Much to the chagrin of some fans, the second season of the wildly popular One Punch Man was handled not by Madhouse, but by J.C. Staff. While this studio swap has made headlines, it's not the first time that such a thing has happened. In fact, there are plenty of anime that switched studios at some point during the development process. Often, this takes place between seasons, or before a reboot.
Why would a property being managed by one studio move to another? Reasons vary, but they tend to involve logistical issues rather than anything especially dramatic. Anime studios typically don't own the rights to the anime they produce - typically, they work as contractors and must bid to take charge of a desirable property. Sometimes it's because the studio simply doesn't have the time or manpower to take on a sequel series, or because the director had a change of heart.

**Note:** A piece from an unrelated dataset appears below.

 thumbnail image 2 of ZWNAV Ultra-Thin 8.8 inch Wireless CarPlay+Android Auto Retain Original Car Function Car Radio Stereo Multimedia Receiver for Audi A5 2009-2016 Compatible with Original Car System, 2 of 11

In some cases, as with the Fruits Basket reboot, it's because the author of the manga that the anime was based on was dissatisfied with the first attempt and wanted the new series tackled by a new staff.
In some cases, a studio change can feel like a downgrade - that's definitely true of Psycho Pass, which decreased dramatically in quality when it moved from Production I.G. to Tatsunoko Production. But at other times, like with Fate/stay Night's swap from Studio Deen to ufotable, the changes are for the better. Sometimes, the change hardly seems to make a difference. No matter how the change impacted the series itself, it's still interesting to know about the show's production history.
- Photo: Toei Animation / Studio Gallop
Almost every season of Yu-Gi-Oh! has been handled by Studio Gallop - except for one. Toei Animation actually had the first shot at adapting the manga, but their attempt, now referred to as Season 0, was canceled after 27 episodes because the adaptation was not well-received by Japanese fans at the time. Studio Gallop restarted the series with a new anime called Yu-Gi-Oh! Duel Monsters, which is the series that most fans are familiar with.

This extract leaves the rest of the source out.